By the way, does anybody here know of an algorithm (and/or already implemented o...

syllogism · on Sept 17, 2014

My suggestion would be to understand the Boilerpipe algorithm, which as far as I can see is the best available solution (and much clearer than readability): http://www.l3s.de/~kohlschuetter/publications/wsdm187-kohlsc...

You can then easily adapt it for your requirements.

krapp · on Sept 15, 2014

Umm... anything that uses xpaths should work I would think.

Apologies for blowing my own horn but I've had some luck filtering HN and reddit with this project I built (I used to have an example in progress online but i've taken it down): https://github.com/kennethrapp/embedbug

akavel · on Sept 15, 2014

The point is I want some heuristic that would work "automagically" (like Readability, etc), not requiring me to invent a tailor-made xpath for each and every such website in the world.

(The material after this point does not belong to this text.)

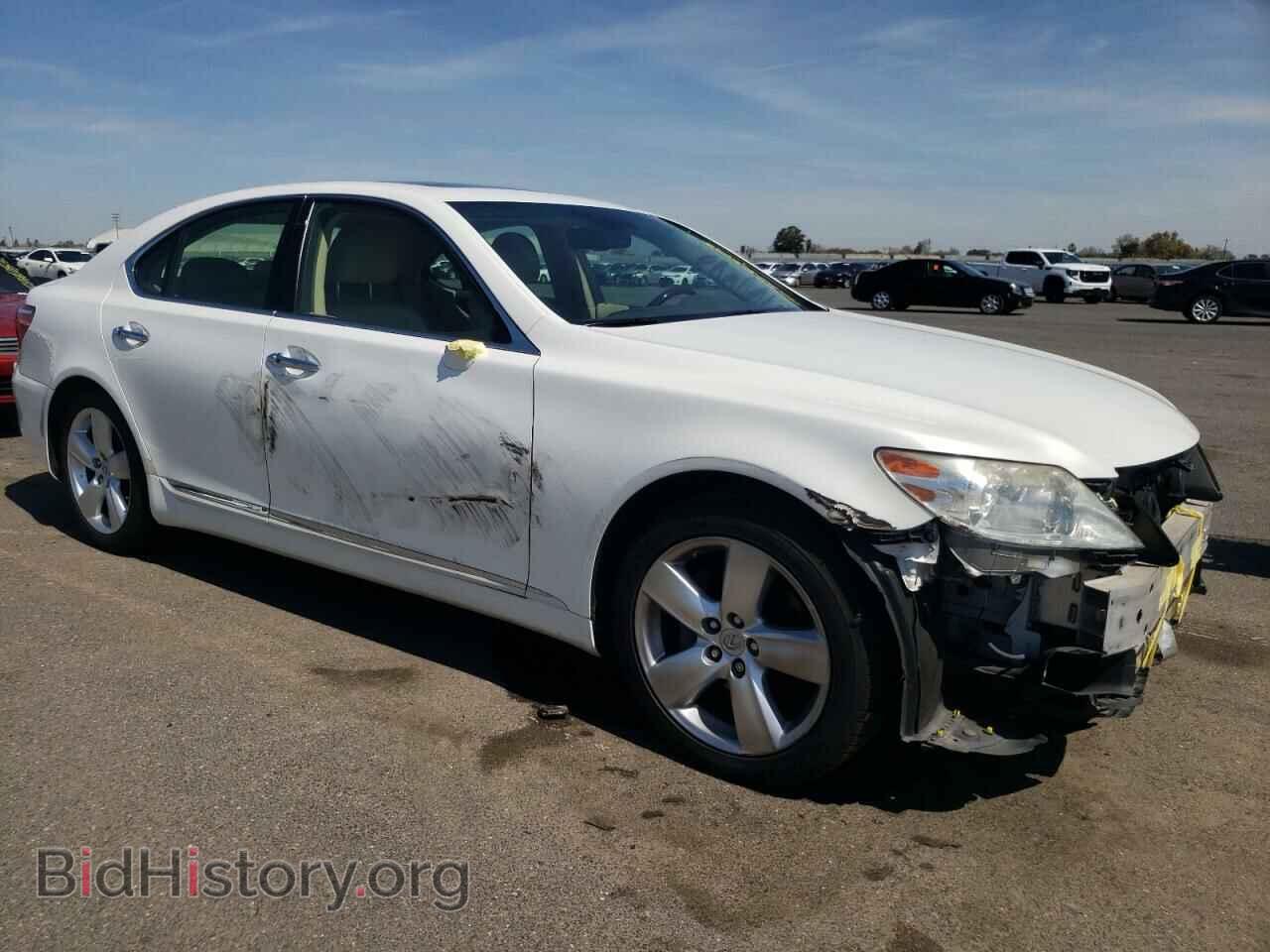 2012 LEXUS LS460 - VIN: JTHBL5EF8C5108916 - Photo 4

rahimnathwani · on Sept 16, 2014

Try this:

http://fivefilters.org/content-only/

It has a default extractor, and site-specific recipes use the same format as Instapaper, so you can leverage the work Marco has done on different sites.

krapp · on Sept 15, 2014

Oh, alright.

If there is such a thing I'd be interested to learn about it myself. TBH "tailor make an xpath for every site" is the best solution i'm aware of.